You could make millions! :)

------
bunkat
Disappointed - I thought this was going to be an honest review about sock
puppets. I was hoping to see how well our mascot fared (<http://bidkat.com>)
;)

------
yoduh
Hypothesis: Yelp relies on blackmail.

Disprove it.

------
001sky
Sock Puppets. Tech Crunch: Completely Worthless or Only Mostly Worthless?

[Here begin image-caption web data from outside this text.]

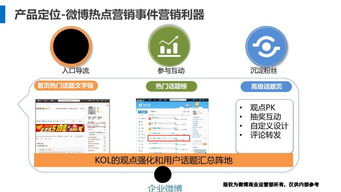汽車營(yíng)銷大百科 從傳統(tǒng)4S到全域增長(zhǎng)，掌握汽車市場(chǎng)的制勝之術(shù)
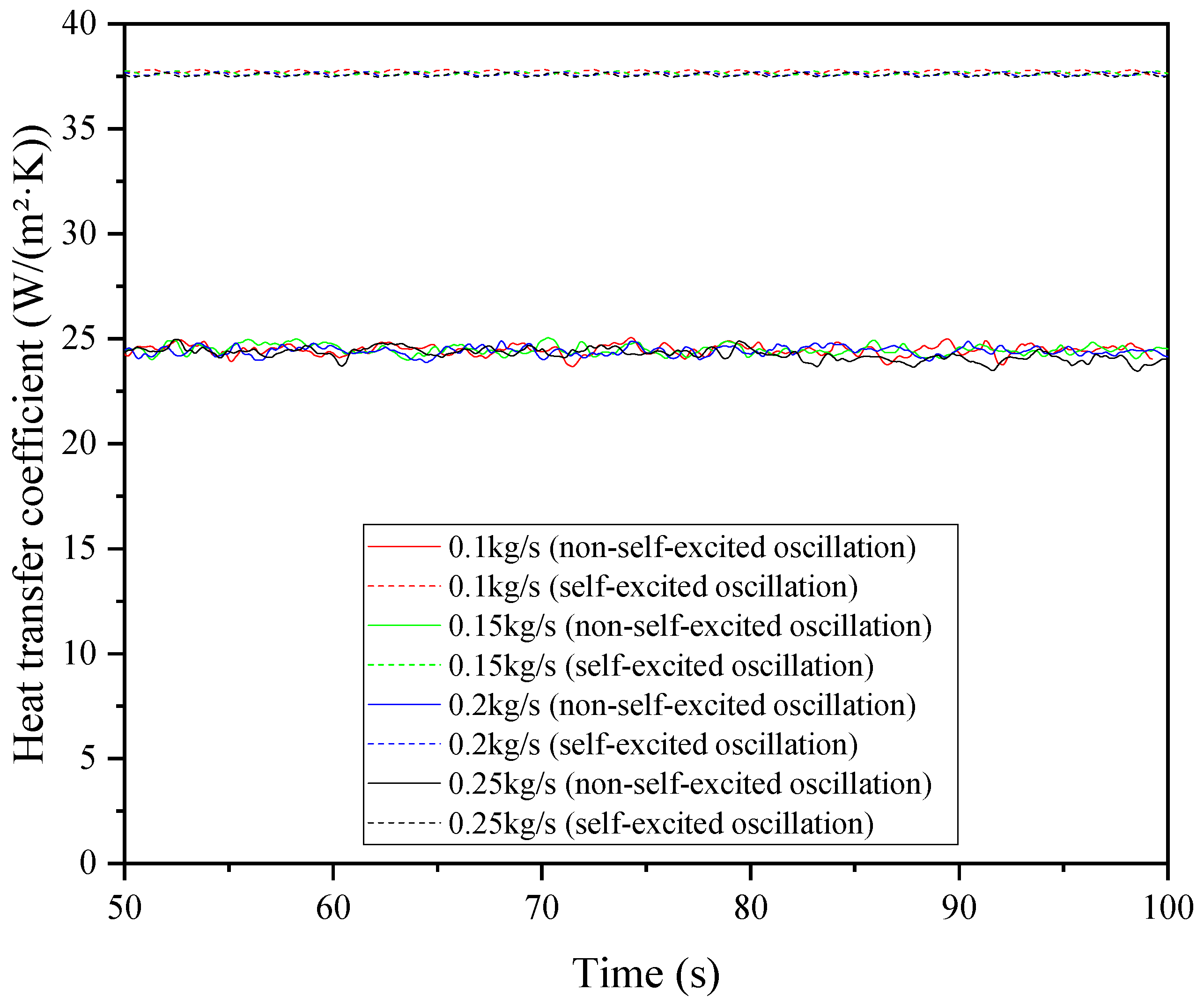 Fluids 10 00122 g017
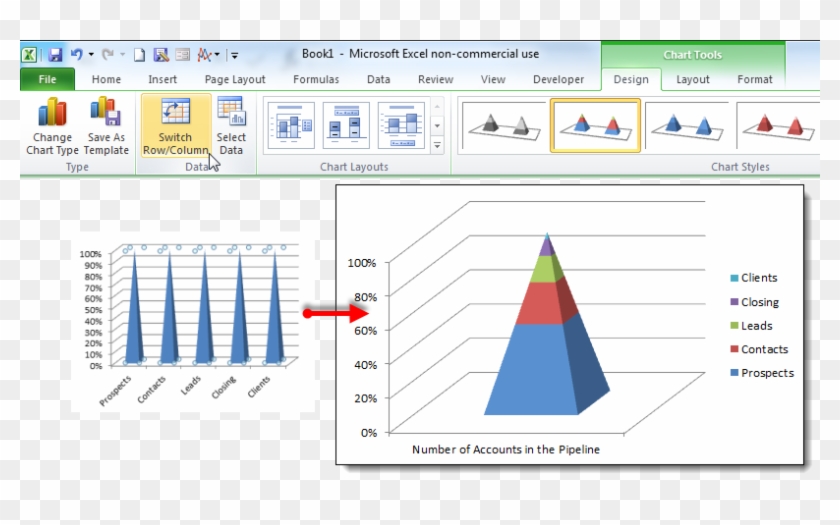 Stacked Pyramid Chart Excel 2016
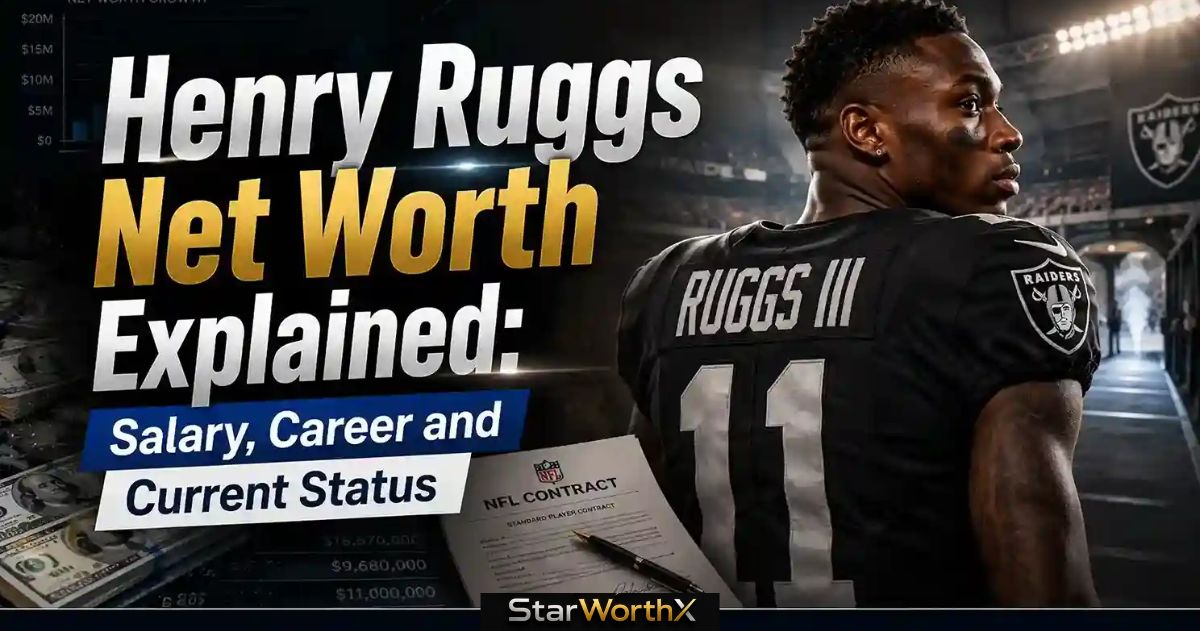 Henry Ruggs Net Worth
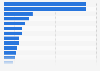 Number of TV viewers in Denmark per day 2015, by channel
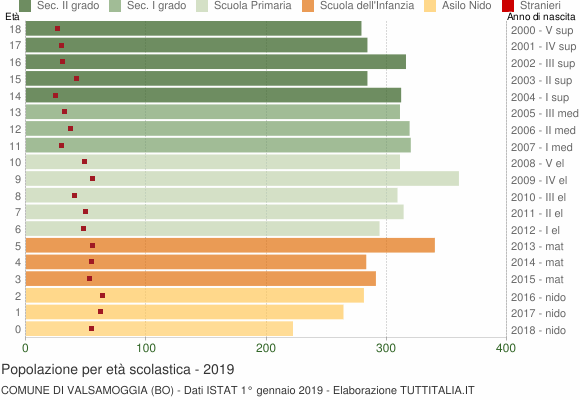 Grafico Popolazione in età scolastica - Valsamoggia 2019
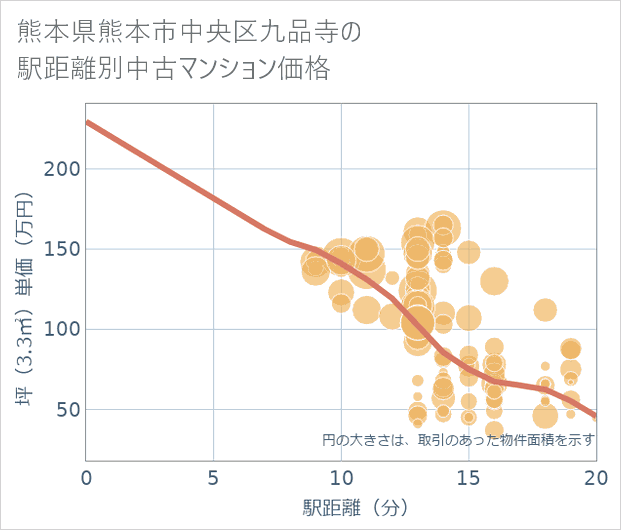 熊本県熊本市中央区九品寺の徒歩距離別の中古マンション坪単価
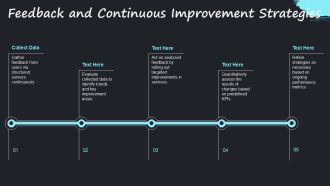 Comparison Of Physical And Virtual World Explaining Virtualization PPT Slides AT Analytical Informative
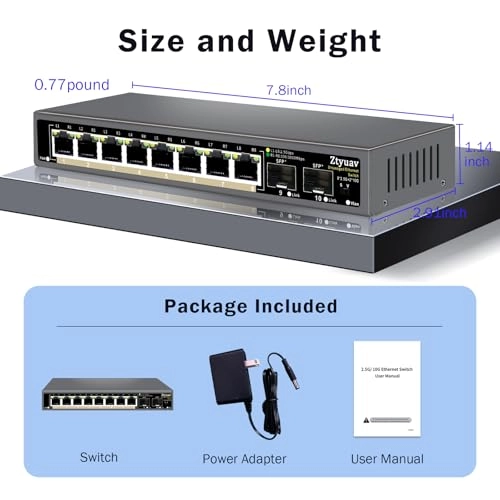 Z-QWYT0802 10-Ports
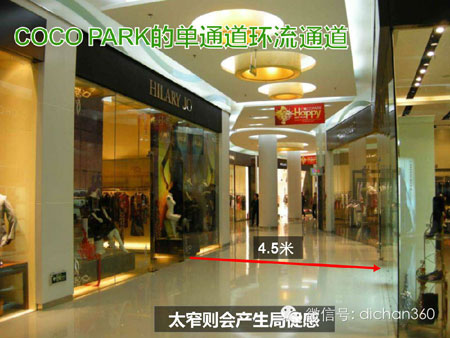 商业地产策划公司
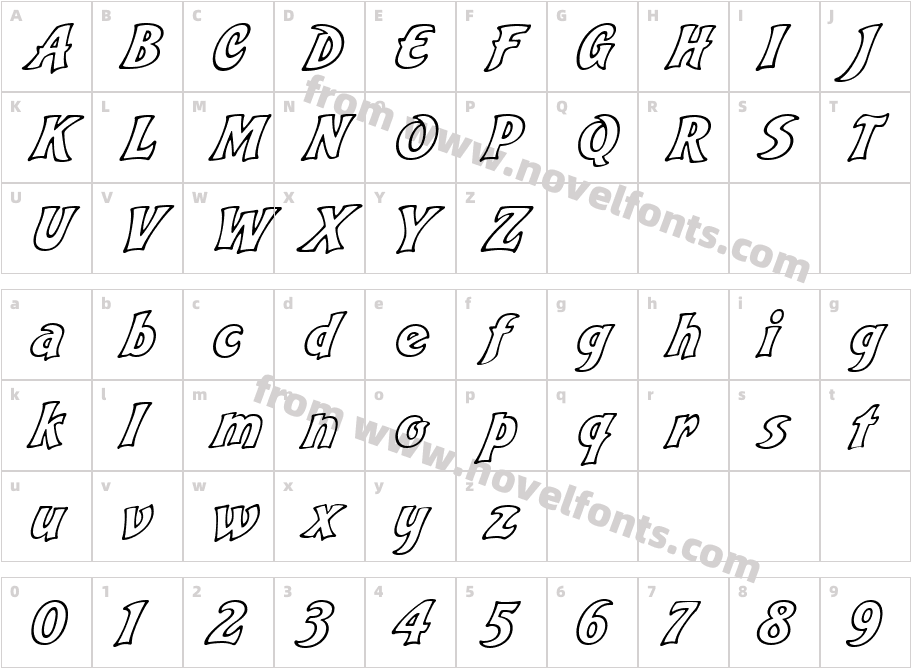 Bakery Script OpenCharacter Map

Seriously, though. Every source with a grain of salt.[1,2]

______________

[1] <http://paulgraham.com/submarine.html>: _"If anyone is dishonest,
it's...reporters. The main reason PR firms exist is that reporters are lazy.
Or, to put it more nicely, overworked. Really they ought to be out there
digging up stories for themselves. But it's so tempting to sit in their
offices and let PR firms bring the stories to them."_

[2] That's not a knock on this submission. If anything, just an application
what we learned inside (ie,its principles). Or, as the author un-ironically
notes, _"Even the honest reviews are mostly written by people who are
stupid..."_. That sounds fair and objective, right?

------
quomopete
only somewhat. But techcrunch cant think outside of superlative and hyperbole.

------
agpen
"Real Actors Reading Yelp Reviews" justifies any amount of sock puppetry.